- Directed by: Mate Relja
- Screenplay by: Mate Relja
- Based on: Vlak u snijegu by Mato Lovrak
- Starring: Slavko Štimac Željko Malčić Gordana Inkret Edo Peročević
- Cinematography: Ivica Rajković
- Edited by: Blaženka Jenčić
- Music by: Arsen Dedić
- Production company: Croatia Film
- Release date: 1976;
- Running time: 82 minutes
- Country: Yugoslavia
- Language: Croatian

= Train in the Snow =

Train in the Snow (Vlak u snijegu) is a Croatian children and adventure film directed by Mate Relja. It was released on 10 June 1976.

It is based on the children's novel Vlak u snijegu written by Mato Lovrak (1899–1974), then a young schoolteacher inspired by actual events, in 1933, and first titled Djeca Velikog Sela.

==Plot==
At the behest of their teacher, fourth-grade schoolchildren in a small Croatian village found an old-style Slavic zadruga and organize a field trip to Zagreb.
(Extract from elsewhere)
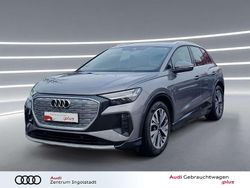 Grau Gebraucht 2022 Audi Q4 e-tron S-Line SUV | 29.980 € (Guter Preis)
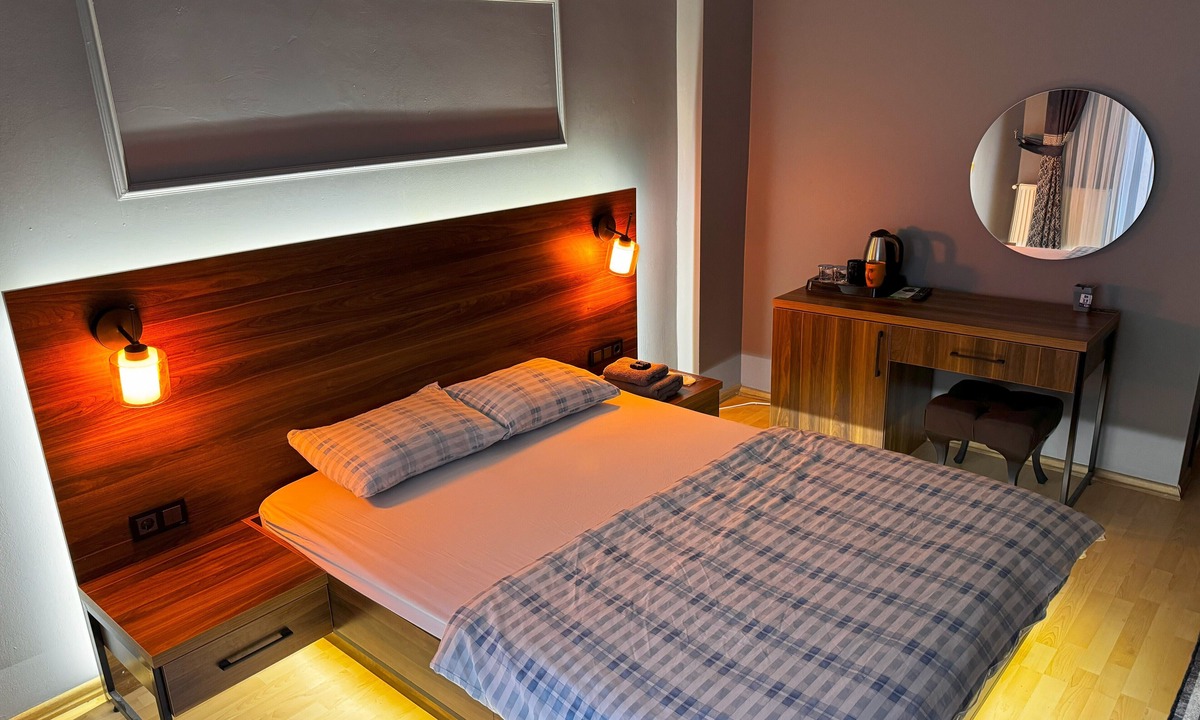 Kutahya Hotel | Germiyan Otel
On their way back, their teacher gets ill and must stay at the hospital. As the children travel back on their own, the train gets blocked by a snowdrift. With the help of the children, the railroad workers manage to clear the way.

== Cast ==
- Slavko Štimac as Ljuban Marić
- Gordana Inkret as Draga
- Željko Malčić as Pero
- Edo Peročević as the conductor
- Ratko Buljan as the teacher
- Antun Nalis as the newspaper editor

==Locations==
The film was shot from 1973 to 1976.

Most of the children came from the Regional school of Velika Ciglena near Bjelovar, which was then part of Dr Franko Vinter Elementary School in Bjelovar, now 1st Elementary School Bjelovar.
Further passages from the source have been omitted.